Reason why the lever of (commercial) lever espresso machines dont remain down - Page 2

A haven dedicated to manual espresso machine aficionados.
JimH

Postby JimH » Jul 10, 2019, 1:29 pm

For the sake of clarity, do you have the post-2001 upper group labeled as part 12 or do you have the pre-2001 upper group that is unnumbered but displayed on the left with part 32?

Lincoln

Postby Lincoln » Jul 10, 2019, 1:31 pm

Ja its an older design, the cam pulls the rod up to compress the spring, so when its not sitting in the bed nicely there is a lot of recoil on the handle, and on the one im working on there was a lot of fine metal shavings and absolutely no grease. I am asking because they are so difficult to dissasemble and reassemble as the spring needs to be compressed to wind the piston rod onto the bed (15) through the main 'cylinder' head

User avatar
drgary
Team HB

Postby drgary » Jul 10, 2019, 1:34 pm

Paul_Pratt wrote:I do not think I have ever seen a commercial lever machine that does not have a rest position at the bottom.

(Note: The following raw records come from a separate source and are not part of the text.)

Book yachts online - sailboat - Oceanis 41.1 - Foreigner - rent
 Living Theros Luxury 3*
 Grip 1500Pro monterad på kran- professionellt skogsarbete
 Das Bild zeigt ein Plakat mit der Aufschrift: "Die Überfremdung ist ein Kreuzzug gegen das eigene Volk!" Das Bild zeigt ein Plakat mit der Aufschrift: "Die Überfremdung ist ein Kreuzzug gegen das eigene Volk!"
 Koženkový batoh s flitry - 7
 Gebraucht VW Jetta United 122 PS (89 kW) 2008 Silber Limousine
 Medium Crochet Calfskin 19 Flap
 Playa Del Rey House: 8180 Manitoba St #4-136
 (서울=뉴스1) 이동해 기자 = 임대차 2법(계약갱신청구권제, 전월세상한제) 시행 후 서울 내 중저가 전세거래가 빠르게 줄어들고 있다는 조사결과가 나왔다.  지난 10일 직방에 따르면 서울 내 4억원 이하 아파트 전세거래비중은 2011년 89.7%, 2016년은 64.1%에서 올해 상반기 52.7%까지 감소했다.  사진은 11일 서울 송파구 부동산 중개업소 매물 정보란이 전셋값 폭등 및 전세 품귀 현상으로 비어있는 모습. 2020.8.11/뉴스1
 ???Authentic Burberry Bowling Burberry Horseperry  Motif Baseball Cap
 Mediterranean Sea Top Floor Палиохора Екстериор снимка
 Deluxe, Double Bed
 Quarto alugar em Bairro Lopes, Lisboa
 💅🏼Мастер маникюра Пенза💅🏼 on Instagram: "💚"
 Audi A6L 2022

They all do. Some small home levers such as the Elektra do not have a rest position.


Off topic for this thread, but worth a note. The only home lever I've ever seen with a lockdown for preinfusion is the Lady Duchessa.
Gary
LMWDP#308

What I WOULD do for a good cup of coffee!

OldNuc

Postby OldNuc » Jul 10, 2019, 1:54 pm

The Gaggia has a mechanical latch that is clearly observable. The majority of the remaining true commercial groups use an over center latching system. What this means is that when the lever is full down and the spring is also fully compressed the level pivot point that is NOT the link compressing the spring is now behind the piston rod centerline so as spring force is holding the lever down. Each design accomplishes this little mechanical trick in any number of unique ways. The non commercial home machines do not have this feature.

ira
Supporter ♡

Postby ira » Jul 10, 2019, 2:47 pm

In that picture the lever handle has two holes at the bottom for pins or bearings. I believe if you look closely when the lever is fully lowered, the holes cross, i.e., the lower hole is located behind the upper hole which keeps the lever down. If so, it's likely something has worn so that doesn't happen. In an earlier picture there was a notch in a cam that caught the lever at the bottom. Those are the two most likely methods of holding the lever at the bottom. My Rancilio seems to use the overcenter method which I assume will be more common than a cam.

Ira

OldNuc

Postby OldNuc » Jul 10, 2019, 3:43 pm

What you are describing is a reversed toggle lock.